Philip Endicott "Skipper" Young (December 1, 1885 - June 17, 1955) was the founder of Titleist.

Personal life
Young was born on December 1, 1885, in Dorchester, Massachusetts to Rev. George H. Young, a Unitarian minister, and his second wife, Elizabeth, the daughter of Augustus Bradford Endicott. He had a sister, Eleanor Guild. The family moved to Dedham, Massachusetts when Young was a child. Young earned a degree in mechanical engineering from the Massachusetts Institute of Technology with the class of 1909.

With his wife, Edith ( Ames), he had a son, Richard, born in 1916, and a daughter, Edith, born in 1911. He also had two sisters, Eleanor Guild and Shelia Young. Edith grew up about a half a mile away from Young. They both attended the Dedham Public Schools and were childhood sweethearts. The couple was married in 1910.

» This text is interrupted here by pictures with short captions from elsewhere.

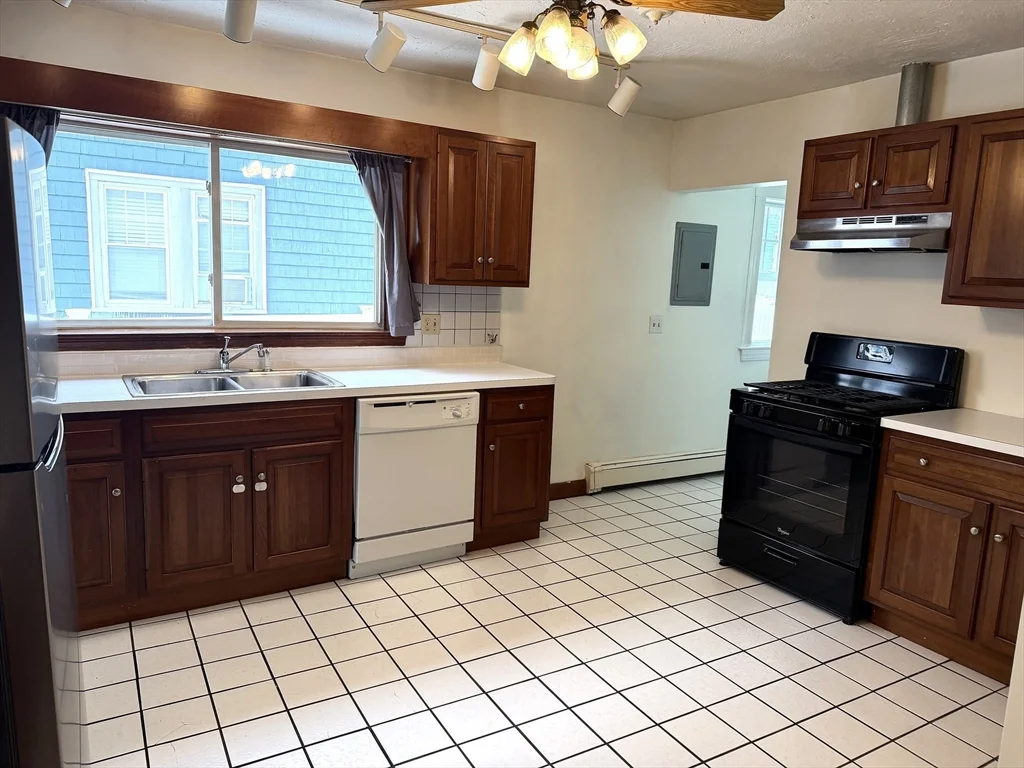 234 Brook Rd, Milton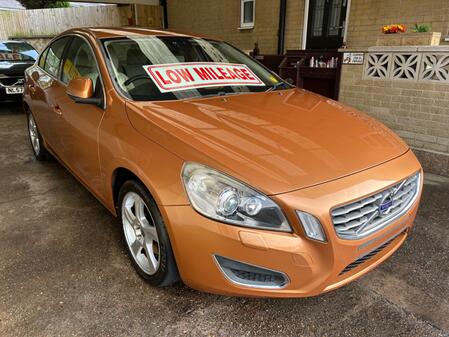 VOLVO S60 2.0 D3 SE LUX DIESEL AUTOMATIC **LOW MILES ONLY 56,000**FULL HISTORY**GREAT COLOUR**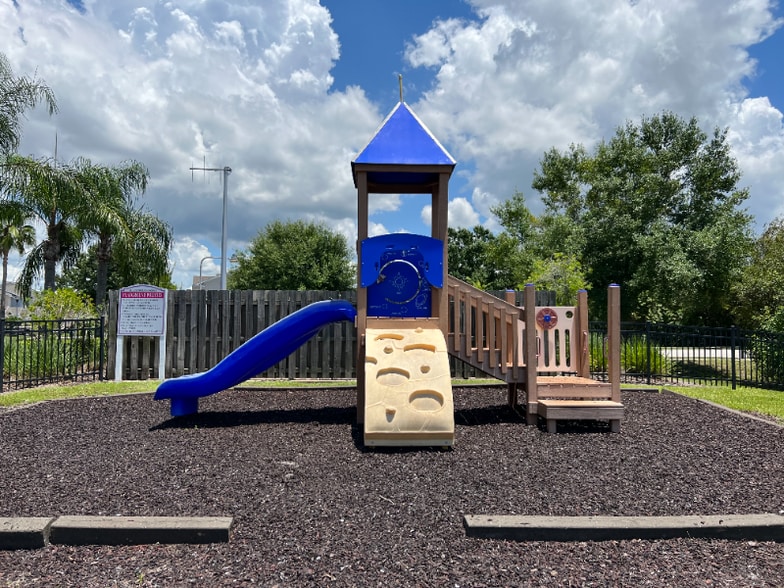 Building Photo - 6431 Cypressdale Dr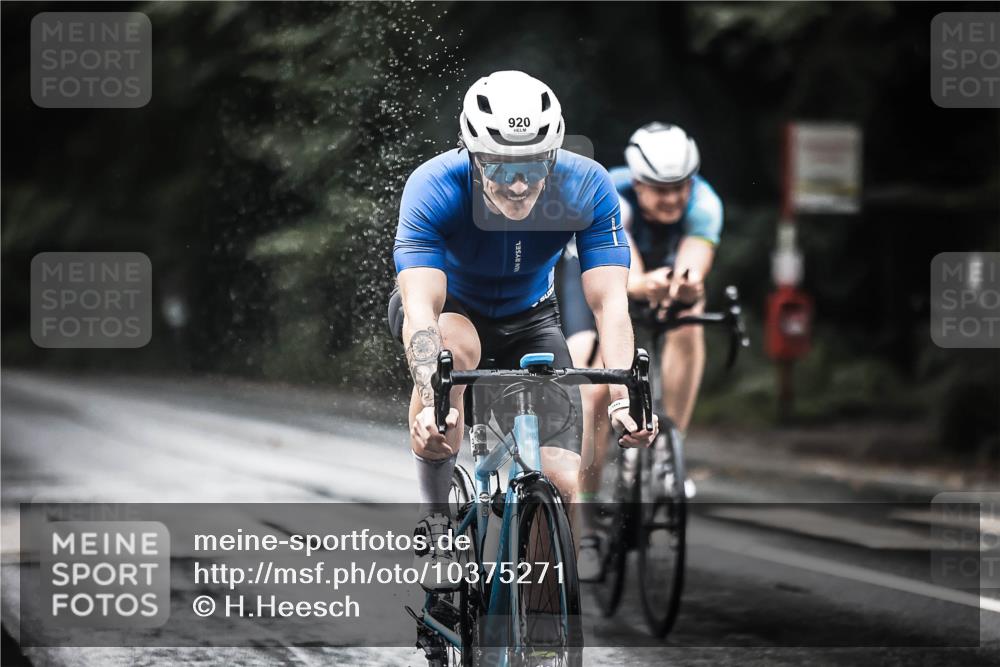 13.09.2026 - Stadtparktriathlon H.Heesch http://msf.ph/oto/10375271 13.09.2026 12:13:31 Radfahren 920, 1007, 1009, 1067 meine-sportfotos.de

He lived at 8 Fort St. in Fairhaven and spent his winters in Coral Gables, Florida. He was a member of the Wamsutta Club and New Bedford Country Club in Massachusetts, and the Riviera Club in Florida, and the  He died June 17, 1955. He was an avid sailor.

Career
Early in his career, Young worked for Goodyear. In 1910, Young started the Acushnet Company with the financial backing of Allen Weeks, a fraternity brother from MIT.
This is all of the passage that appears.